-- Opening Marker --

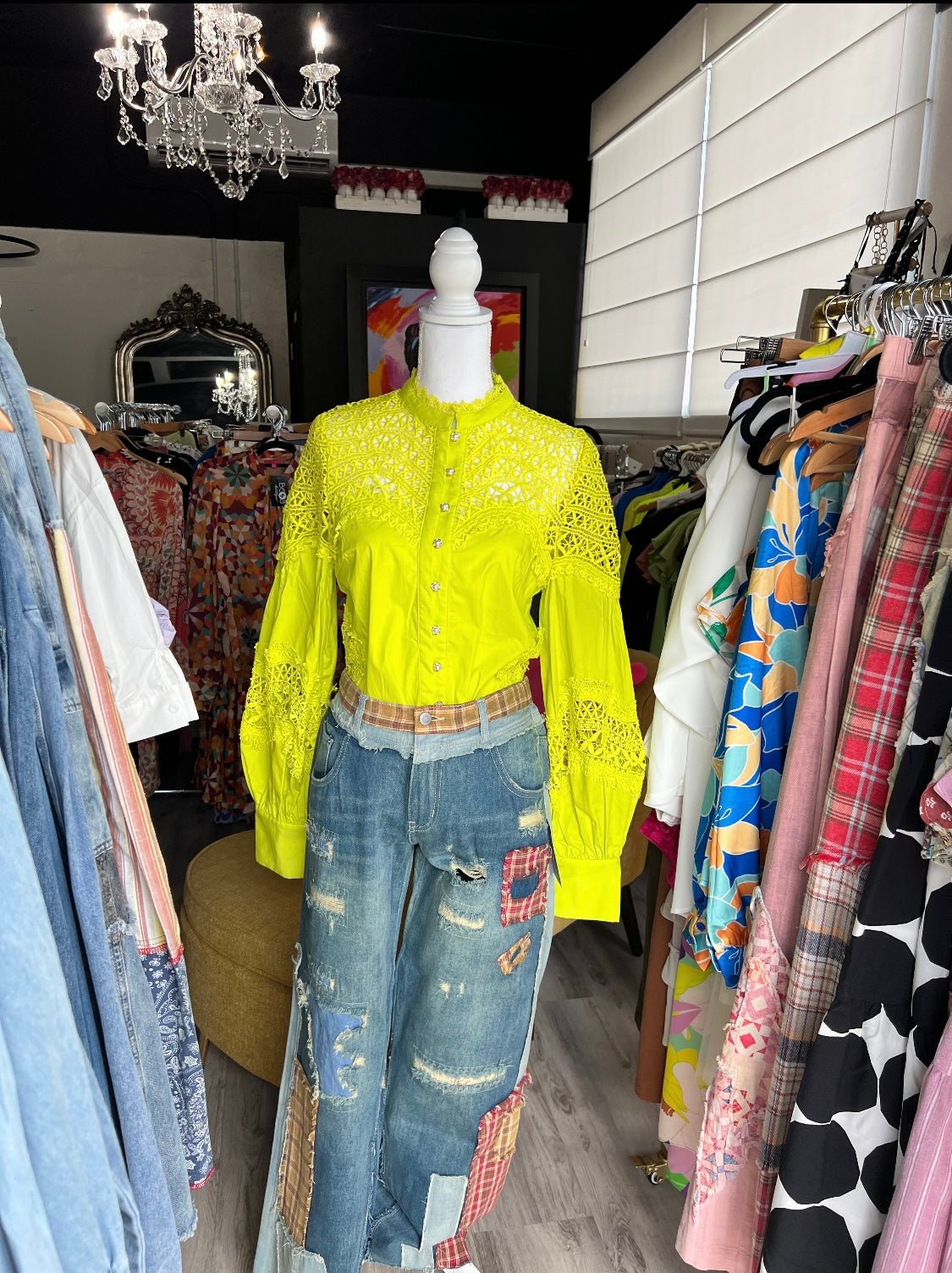 Patch Denim Detail Pants - Premium Clothing - Bella Boutique & Bellasbylola.com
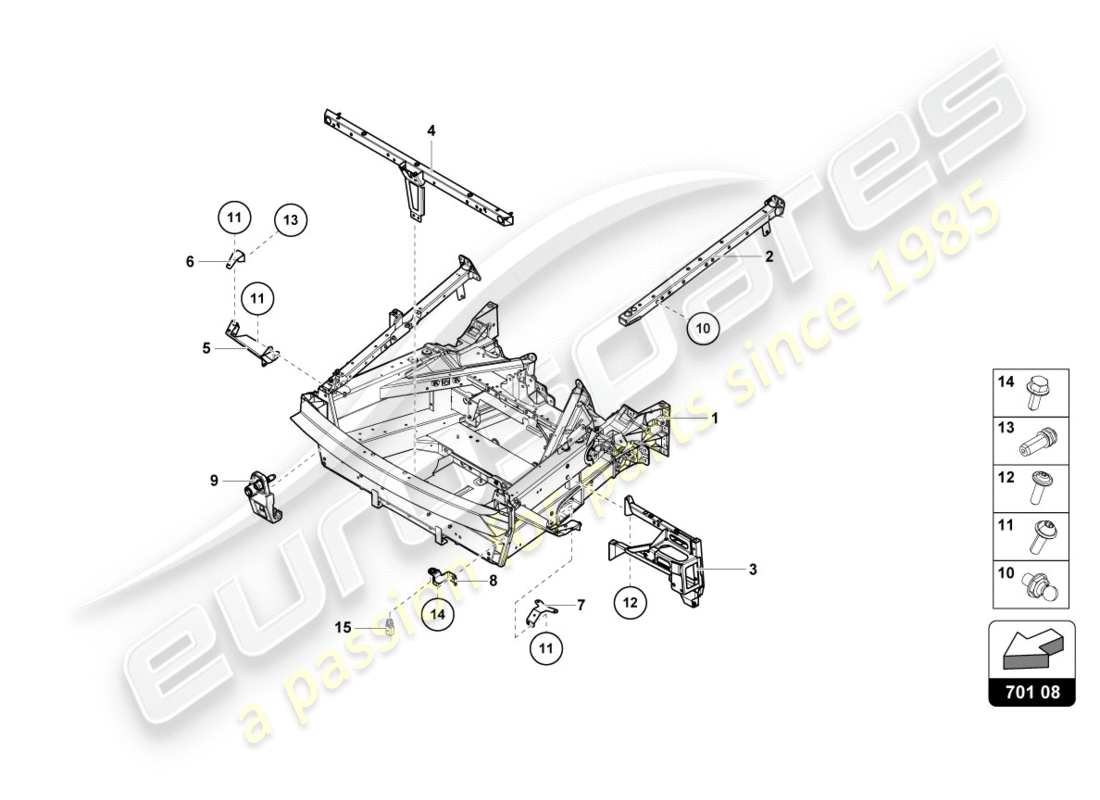 lamborghini centenario roadster (2017) trim frame front part part diagram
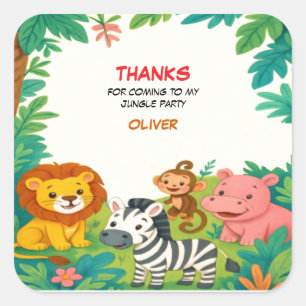 Jungle Safari Tiere zum Geburtstag Danke, Ihr Stic Quadratischer Aufkleber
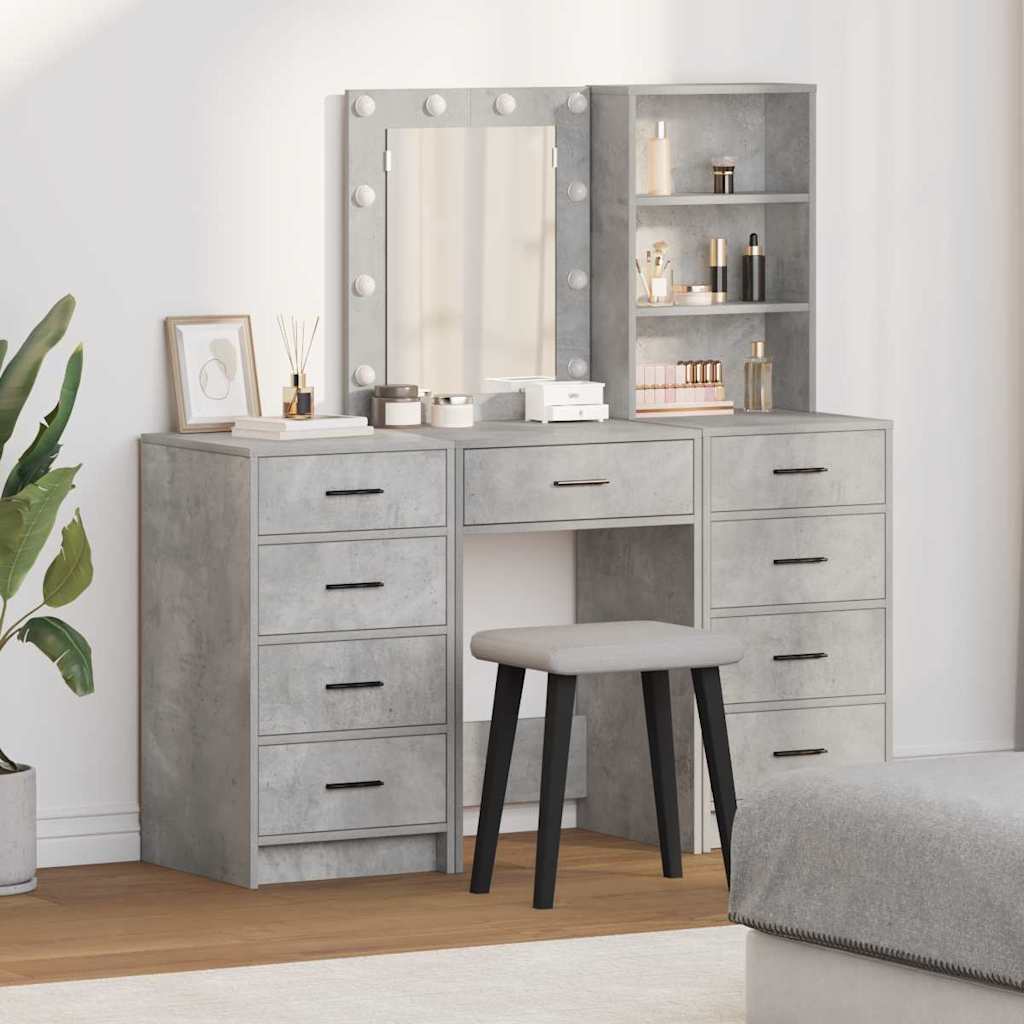 vidaXL Table de Toilette avec tiroir 3 pcs Gris Bois d'ingénierie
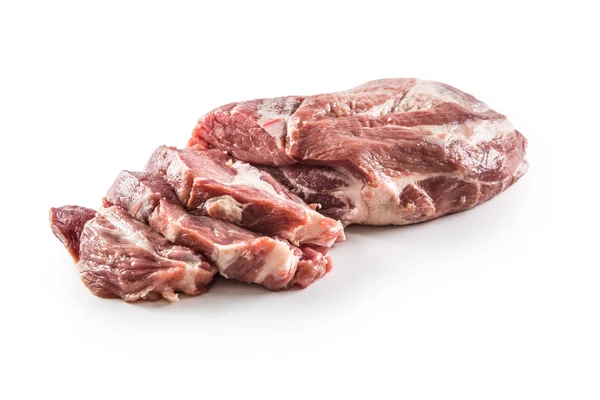 Cuello de cerdo carne cruda aislada sobre fondo blanco — Foto de Stock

-- Closing Marker --

What you are asked to do: Everything in the data must be printed verbatim except the pictures.

Answer box:
 Patch Denim Detail Pants - Premium Clothing - Bella Boutique & Bellasbylola.com
 lamborghini centenario roadster (2017) trim frame front part part diagram
 Jungle Safari Tiere zum Geburtstag Danke, Ihr Stic Quadratischer Aufkleber
 vidaXL Table de Toilette avec tiroir 3 pcs Gris Bois d'ingénierie
 Cuello de cerdo carne cruda aislada sobre fondo blanco — Foto de Stock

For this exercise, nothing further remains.